Box-and-Whisker Plots

To understand box-and-whisker plots, you have to understand medians and quartiles of a data set.

The median is the middle number of a set of data, or the average of the two middle numbers (if there are an even number of data points).

The median ( ${Q}_{2}$ ) divides the data set into two parts, the upper set and the lower set. The lower quartile ( ${Q}_{1}$ ) is the median of the lower half, and the upper quartile ( ${Q}_{3}$ ) is the median of the upper half.

Example:

Find ${Q}_{1}$ , ${Q}_{2}$ , and ${Q}_{3}$ for the following data set, and draw a box-and-whisker plot.

$\left\{2,6,7,8,8,11,12,13,14,15,22,23\right\}$

There are $12$ data points. The middle two are $11$ and $12$ . So the median, ${Q}_{2}$ , is $11.5$ .

The "lower half" of the data set is the set $\left\{2,6,7,8,8,11\right\}$ . The median here is $7.5$ . So ${Q}_{1}=7.5$ .

The "upper half" of the data set is the set $\left\{12,13,14,15,22,23\right\}$ . The median here is $14.5$ . So ${Q}_{3}=14.5$ .

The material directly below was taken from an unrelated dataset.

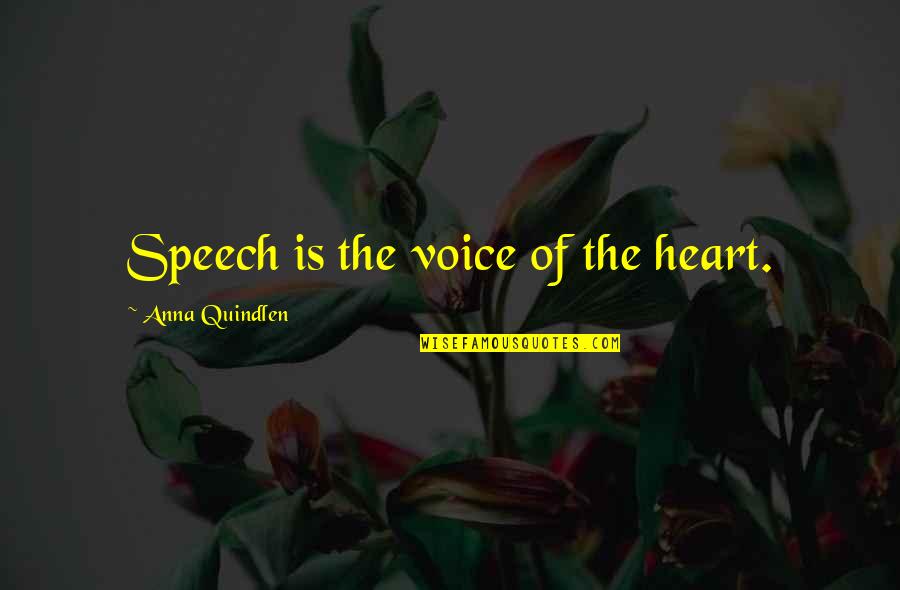 There's Always Something Good In Everything Quotes By Anna Quindlen: Speech is the voice of the heart.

A box-and-whisker plot displays the values ${Q}_{1}$ , ${Q}_{2}$ , and ${Q}_{3}$ , along with the extreme values of the data set ( $2$ and $23$ , in this case): A box & whisker plot shows a "box" with left edge at ${Q}_{1}$ , right edge at ${Q}_{3}$ , the "middle" of the box at ${Q}_{2}$ (the median) and the maximum and minimum as "whiskers".

Note that the plot divides the data into $4$ equal parts. The left whisker represents the bottom $25%$ of the data, the left half of the box represents the second $25%$ , the right half of the box represents the third $25%$ , and the right whisker represents the top $25%$ .

Outliers

If a data value is very far away from the quartiles (either much less than ${Q}_{1}$ or much greater than ${Q}_{3}$ ), it is sometimes designated an outlier . Instead of being shown using the whiskers of the box-and-whisker plot, outliers are usually shown as separately plotted points.

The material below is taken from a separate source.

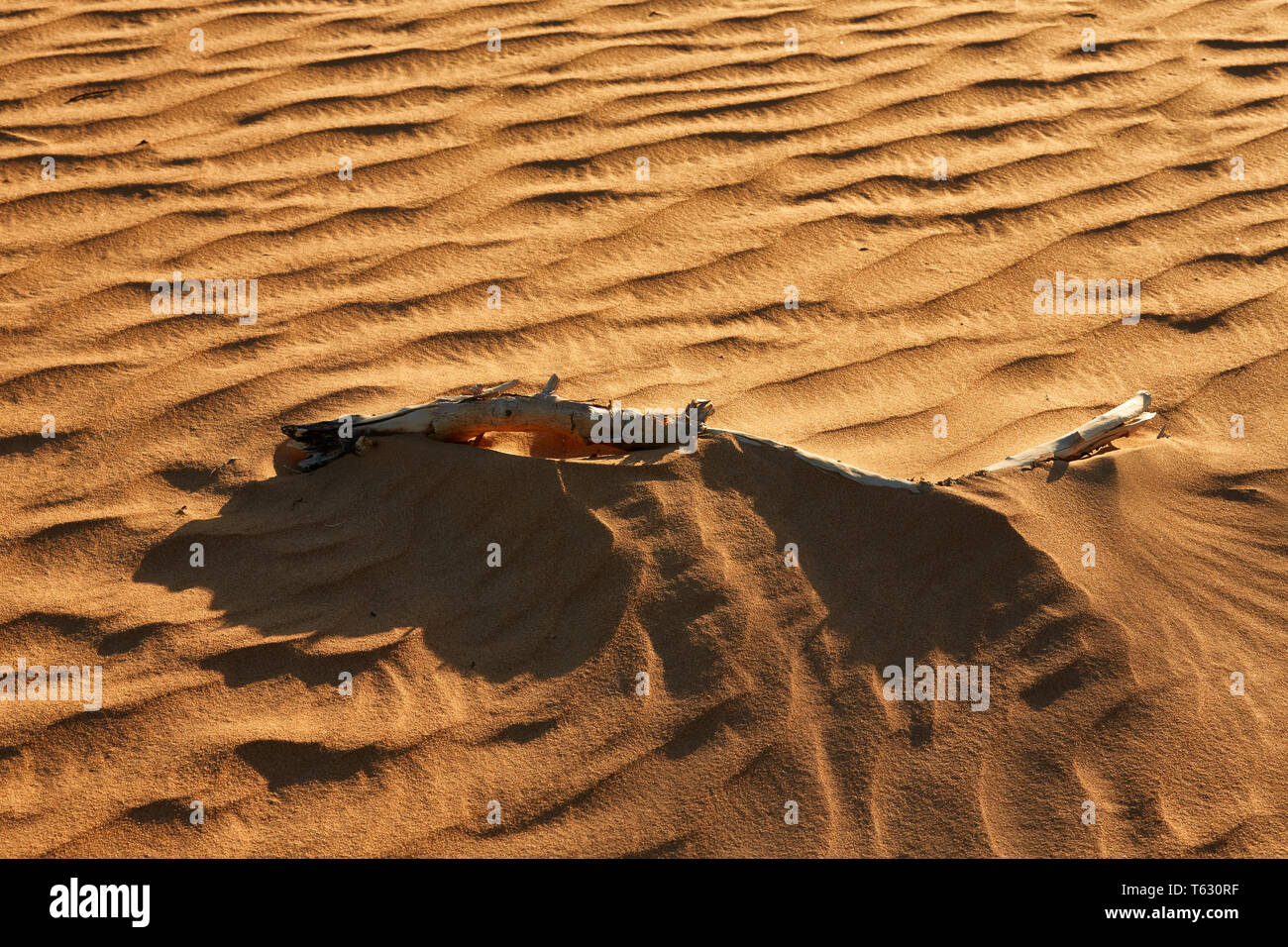 Ein Stück von einem kleinen bush legt in eine sich ständig bewegende Meer von Sand. South Eastern Australia. Stockfoto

The standard definition for an outlier is a number which is less than ${Q}_{1}$ or greater than ${Q}_{3}$ by more than $1.5$ times the interquartile range ( $\text{IQR}={Q}_{3}-{Q}_{1}$ ). That is, an outlier is any number less than ${Q}_{1}-\left(1.5×\text{IQR}\right)$ or greater than ${Q}_{3}+\left(1.5×\text{IQR}\right)$ .

Example:

Find ${Q}_{1}$ , ${Q}_{2}$ , and ${Q}_{3}$ for the following data set. Identify any outliers, and draw a box-and-whisker plot.

$\left\{5,40,42,46,48,49,50,50,52,53,55,56,58,75,102\right\}$

There are $15$ values, arranged in increasing order. So, ${Q}_{2}$ is the ${8}^{\text{th}}$ data point, $50$ .

${Q}_{1}$ is the ${4}^{\text{th}}$ data point, $46$ , and ${Q}_{3}$ is the ${12}^{\text{th}}$ data point, $56$ .

The interquartile range $\text{IQR}$ is ${Q}_{3}-{Q}_{1}$ or $56-47=10$ .

Now we need to find whether there are values less than ${Q}_{1}-\left(1.5×\text{IQR}\right)$ or greater than ${Q}_{3}+\left(1.5×\text{IQR}\right)$ .

${Q}_{1}-\left(1.5×\text{IQR}\right)=46-15=31$

${Q}_{3}+\left(1.5×\text{IQR}\right)=56+15=71$

Since $5$ is less than $31$ and $75$ and $102$ are greater than $71$ , there are $3$ outliers.

The box-and-whisker plot is as shown. Note that $40$ and $58$ are shown as the ends of the whiskers, with the outliers plotted separately.